**Activity**
The lines from the one containing "world of tanks" to the end of the entries, both included, are what you need to transcribe exactly, without pictures and without anything else.

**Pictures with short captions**
»»

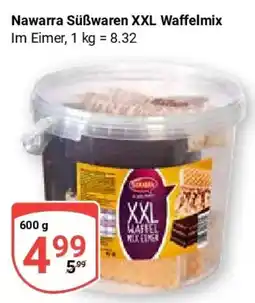 Globus Nawarra Süßwaren XXL Waffelmix Angebot
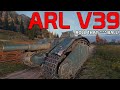 Roll that  ball arl v39  world of tanks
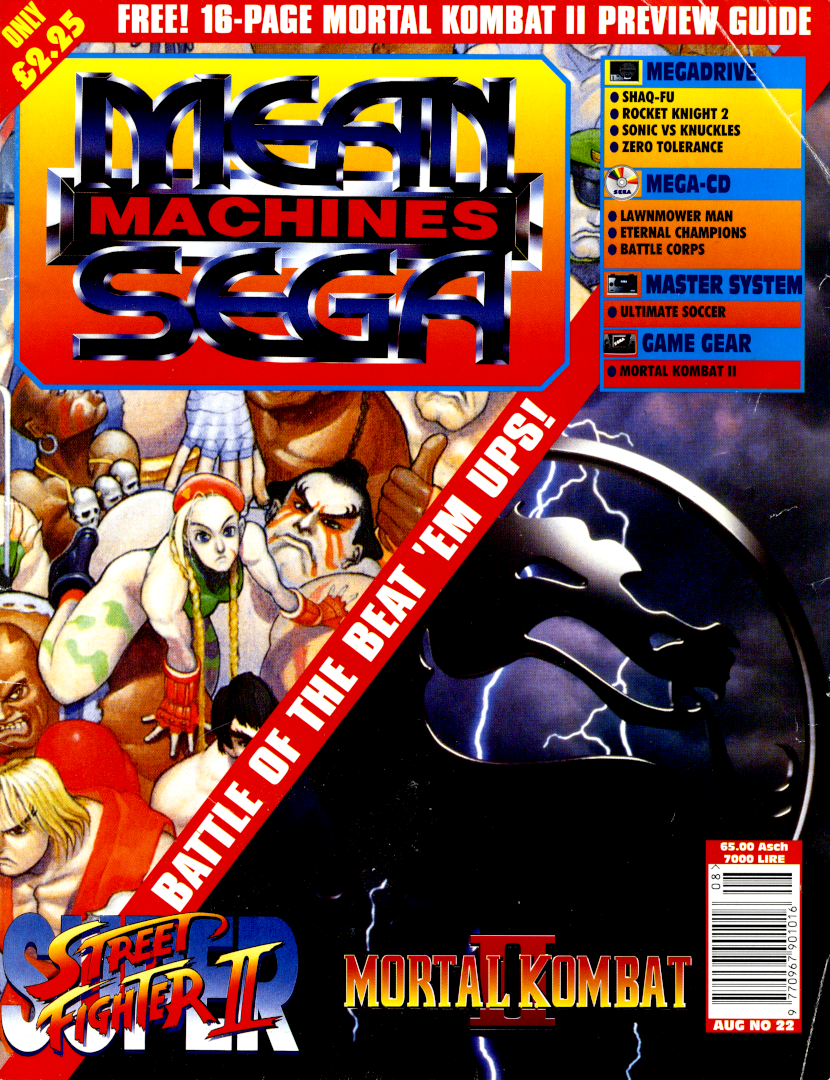 Scan of Document: Mean Machines Sega - August 1994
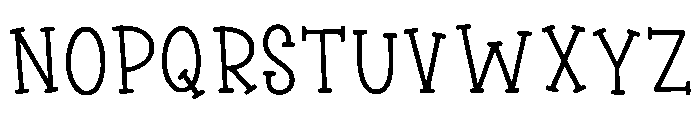 Harry Font UPPERCASE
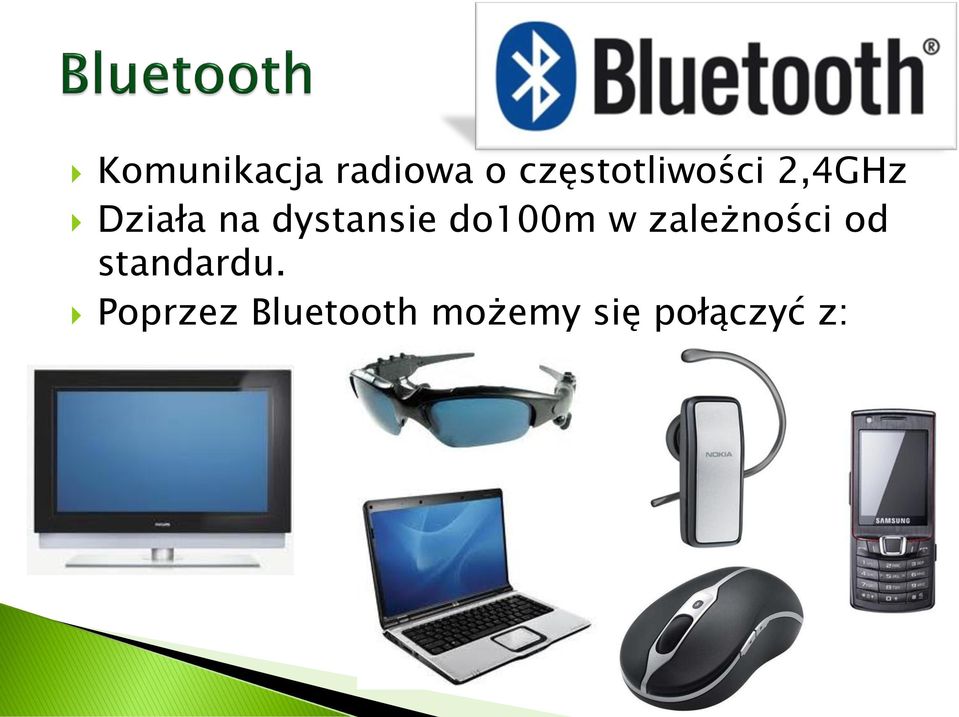 dystansie do100m w zależności od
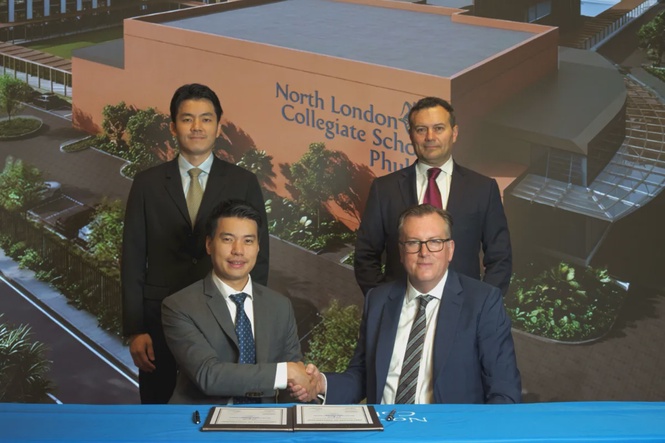 Image from: Leading UK school group to establish Phuket campus as international school demand grows beyond Bangkok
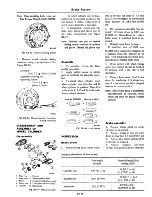 Предварительный просмотр 386 страницы Datsun 710 1975 Service Manual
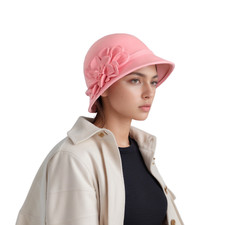 Women's Vintage Floral Wool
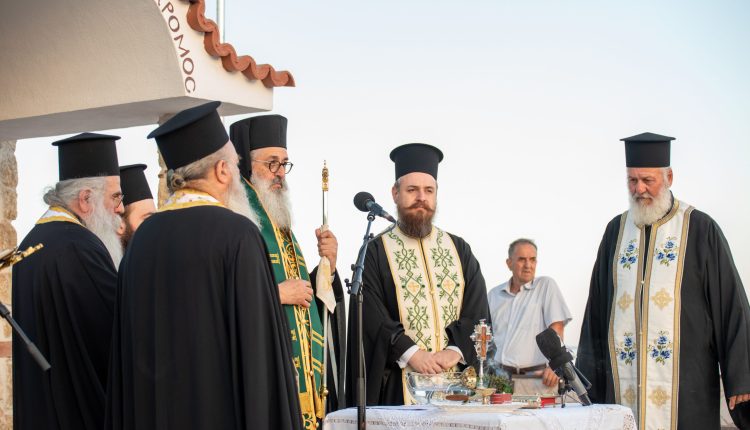 Θυρανοίξια-εξωκκλησίου-Αγίου-Ιωάννη-του-Προδρόμου-στα-Δίκελλα-Αλεξανδρούπολης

««

**Written response**
 Roll that  ball arl v39  world of tanks
 Scan of Document: Mean Machines Sega - August 1994
 Harry Font UPPERCASE
 dystansie do100m w zależności od
 Image from: Leading UK school group to establish Phuket campus as international school demand grows beyond Bangkok
 Предварительный просмотр 386 страницы Datsun 710 1975 Service Manual
 Women's Vintage Floral Wool
 Θυρανοίξια-εξωκκλησίου-Αγίου-Ιωάννη-του-Προδρόμου-στα-Δίκελλα-Αλεξανδρούπολης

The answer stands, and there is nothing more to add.